Demerval Lopes de Lacerda (1933–2007), known as Mestre Leopoldina, was a Brazilian velha guarda (old guard) capoeira mestre. He was known for his quick and unique style of playing capoeira, as well as for his mastery of the berimbau and for the songs that he composed. He represented the old capoeira carioca, malicia and the traditional malandragem of capoeira.

== Early life ==
Demerval Lopes was born in Rio de Janeiro in 1933. He grew up without his mother, often beaten and neglected. He left his home at a young age, sleeping at the train stations and selling sweets on street. It is often said that he was nicknamed after one of Rio's train stations, but he stated that his nickname was after a locomotive. As a teenager, he went to Serviço de Assistência ao Menor, a Child Care Service.

==Career==
In 1951, at the age of 18, he left Child Care Service and began selling newspapers. During the same time, he met Joaquim Felix who is known as Quinzinho, a dangerous young murderer and gang leader. Quinzinho was a capoeirista and was Leopoldina's first teacher in the art of “tiririca”, the capoeira of gangs without music. A few years later, Quinzinho was arrested again and murdered in prison.

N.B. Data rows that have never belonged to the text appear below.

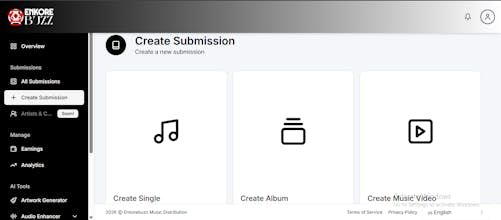 EnkoreBuzz Music Distribution Platform gallery image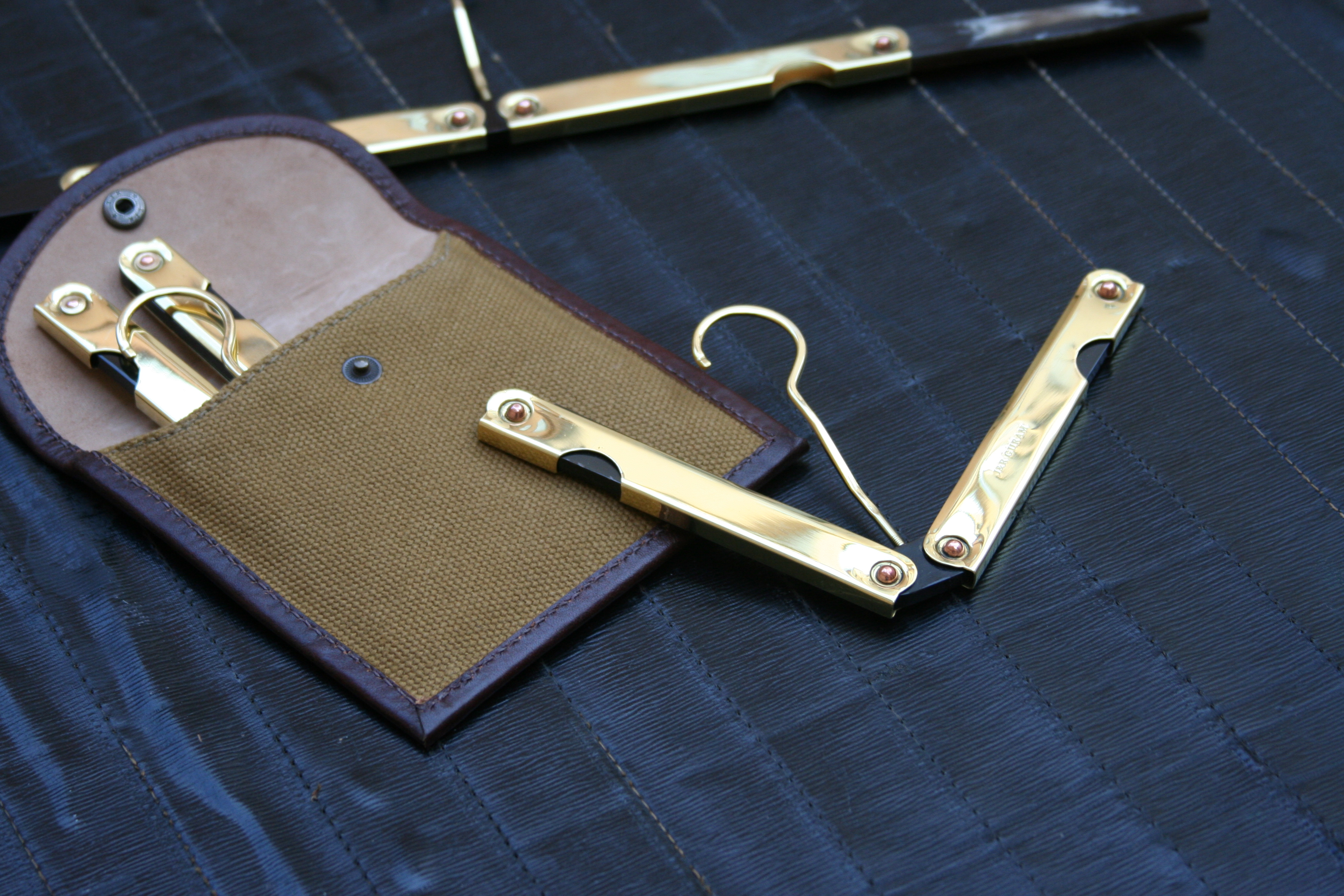 DUFFERIN TRAVEL HANGER SET - Mässing & Buffelhorn - 11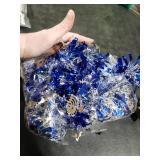 Hanukkah Blue and Silver Tinsel Garland
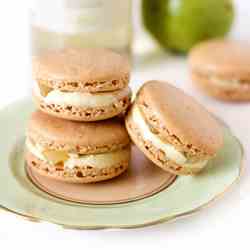 Pear and Elderflower Macarons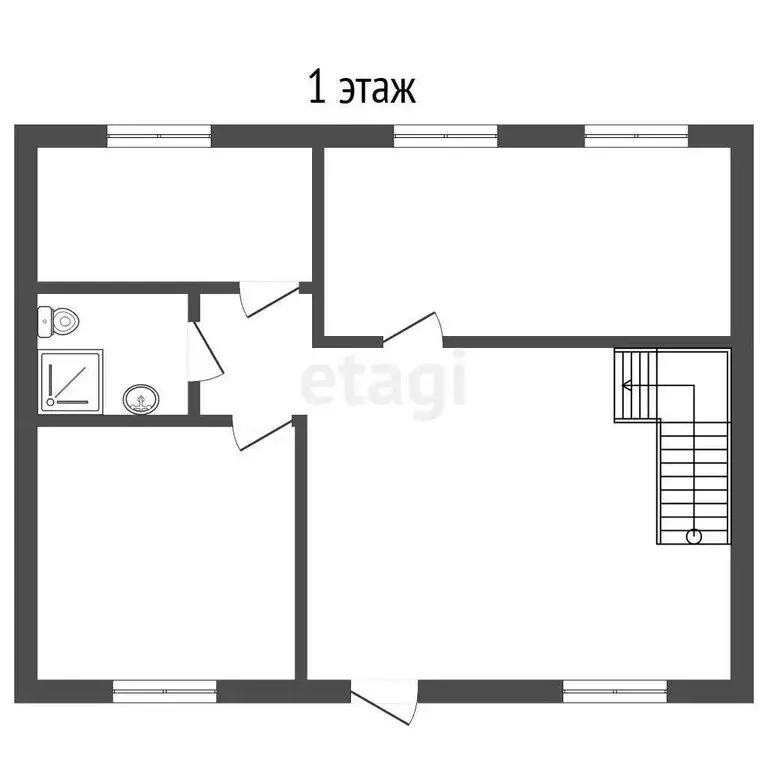 Дом в село Нартан, улица Братьев Нагоевых (192.5 м) - Фото 2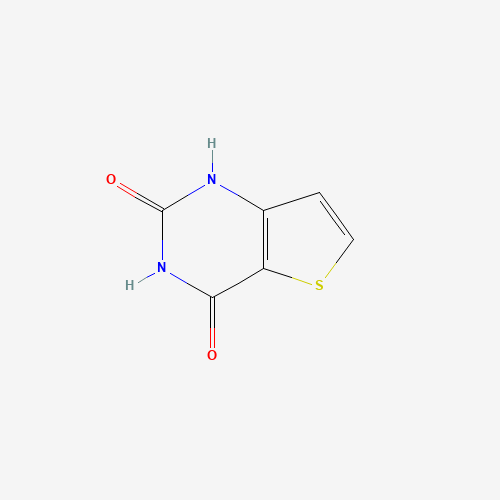 1,3-Dihydrothiopheno[3,2-d]pyrimidine-2,4-dione (CAS: 16233-51-5) - Chemical Structure and Molecular Formula 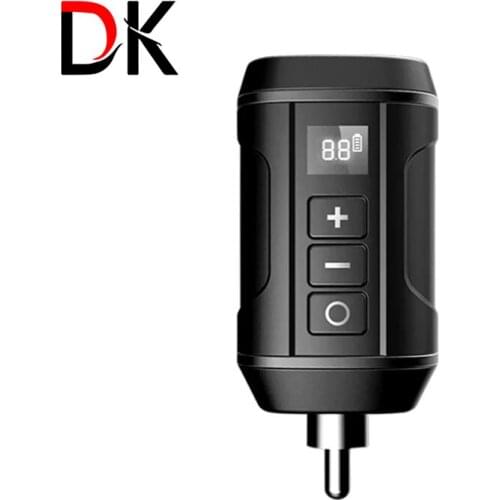 HELLO WirelessDK Tattoo Power Supply Power PacK Battery Pen Adapter RCA AUDIO DC Interface Rotary Tattoo Machine Fast Chargering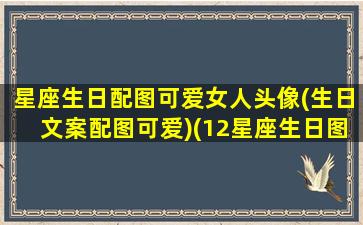 星座生日配图可爱女人头像(生日文案配图可爱)(12星座生日图)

Around 1954, Leopoldina became a disciple of Artur Emídio, who had recently arrived from Itabuna, Bahia, and began teaching Bahian capoeira that was played to the berimbau.

In the following years, Leopoldina went to work at Cais do Porto on the docks. He retired before the age of 45, due to a work accident (which left no serious consequences) and lived the life of a capoeirista.

Leopoldina also was a passionate samba performer.

In 1977, he participated in the film Cordão de Ouro.

==Death==
He died on October 17 2007 in São José dos Campos, SP.